● **Your objective**:
Take the data below and extract the lines from the one with "James Anthony logo design by alby" to the one with "Fachada Pintassilgo 336", inclusive, exactly as written.

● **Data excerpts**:
>>>>>

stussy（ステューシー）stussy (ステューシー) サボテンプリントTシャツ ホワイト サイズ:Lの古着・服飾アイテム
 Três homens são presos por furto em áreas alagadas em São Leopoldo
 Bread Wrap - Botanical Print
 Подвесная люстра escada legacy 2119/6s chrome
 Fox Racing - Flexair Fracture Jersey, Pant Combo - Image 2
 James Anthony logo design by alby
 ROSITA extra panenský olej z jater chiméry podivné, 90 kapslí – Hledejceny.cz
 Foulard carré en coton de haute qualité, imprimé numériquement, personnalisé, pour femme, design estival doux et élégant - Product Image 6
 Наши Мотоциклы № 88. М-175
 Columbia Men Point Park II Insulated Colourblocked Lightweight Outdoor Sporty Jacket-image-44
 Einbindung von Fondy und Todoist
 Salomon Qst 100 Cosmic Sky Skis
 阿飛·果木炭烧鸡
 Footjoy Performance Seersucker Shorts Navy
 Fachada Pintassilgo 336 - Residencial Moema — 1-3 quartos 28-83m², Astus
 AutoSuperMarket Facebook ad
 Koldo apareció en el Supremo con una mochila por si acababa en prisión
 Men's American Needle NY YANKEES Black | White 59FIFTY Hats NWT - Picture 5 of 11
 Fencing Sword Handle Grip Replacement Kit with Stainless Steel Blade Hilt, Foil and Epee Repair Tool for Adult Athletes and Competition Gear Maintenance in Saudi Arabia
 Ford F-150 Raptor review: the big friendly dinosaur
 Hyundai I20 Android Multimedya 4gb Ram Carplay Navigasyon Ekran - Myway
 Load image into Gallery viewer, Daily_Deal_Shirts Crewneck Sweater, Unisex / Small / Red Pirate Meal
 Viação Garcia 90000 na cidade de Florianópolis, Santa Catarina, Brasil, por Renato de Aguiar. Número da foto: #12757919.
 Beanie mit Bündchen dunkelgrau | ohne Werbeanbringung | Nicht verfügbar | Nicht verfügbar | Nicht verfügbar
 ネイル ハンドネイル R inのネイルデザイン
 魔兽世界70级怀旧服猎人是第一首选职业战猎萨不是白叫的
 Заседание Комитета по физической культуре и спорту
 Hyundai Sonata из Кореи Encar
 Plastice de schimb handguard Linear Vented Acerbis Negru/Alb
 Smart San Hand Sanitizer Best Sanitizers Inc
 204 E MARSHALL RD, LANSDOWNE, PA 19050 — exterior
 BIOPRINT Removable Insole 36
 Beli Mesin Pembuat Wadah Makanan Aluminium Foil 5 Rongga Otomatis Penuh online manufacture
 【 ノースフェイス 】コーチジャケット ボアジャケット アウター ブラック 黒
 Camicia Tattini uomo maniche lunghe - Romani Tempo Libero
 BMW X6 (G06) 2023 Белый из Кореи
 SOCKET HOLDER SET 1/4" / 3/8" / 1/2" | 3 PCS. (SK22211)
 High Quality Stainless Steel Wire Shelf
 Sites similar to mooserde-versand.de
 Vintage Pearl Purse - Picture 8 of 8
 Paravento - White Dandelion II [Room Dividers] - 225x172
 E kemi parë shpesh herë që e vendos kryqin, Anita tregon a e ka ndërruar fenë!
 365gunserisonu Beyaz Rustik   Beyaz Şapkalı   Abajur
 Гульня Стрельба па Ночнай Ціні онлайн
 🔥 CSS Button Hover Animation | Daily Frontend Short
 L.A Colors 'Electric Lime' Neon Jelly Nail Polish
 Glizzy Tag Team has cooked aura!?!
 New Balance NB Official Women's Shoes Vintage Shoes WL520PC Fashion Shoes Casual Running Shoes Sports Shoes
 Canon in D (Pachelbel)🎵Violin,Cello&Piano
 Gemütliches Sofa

<<<<<

● **Answer**:
 James Anthony logo design by alby
 ROSITA extra panenský olej z jater chiméry podivné, 90 kapslí – Hledejceny.cz
 Foulard carré en coton de haute qualité, imprimé numériquement, personnalisé, pour femme, design estival doux et élégant - Product Image 6
 Наши Мотоциклы № 88. М-175
 Columbia Men Point Park II Insulated Colourblocked Lightweight Outdoor Sporty Jacket-image-44
 Einbindung von Fondy und Todoist
 Salomon Qst 100 Cosmic Sky Skis
 阿飛·果木炭烧鸡
 Footjoy Performance Seersucker Shorts Navy
 Fachada Pintassilgo 336 - Residencial Moema — 1-3 quartos 28-83m², Astus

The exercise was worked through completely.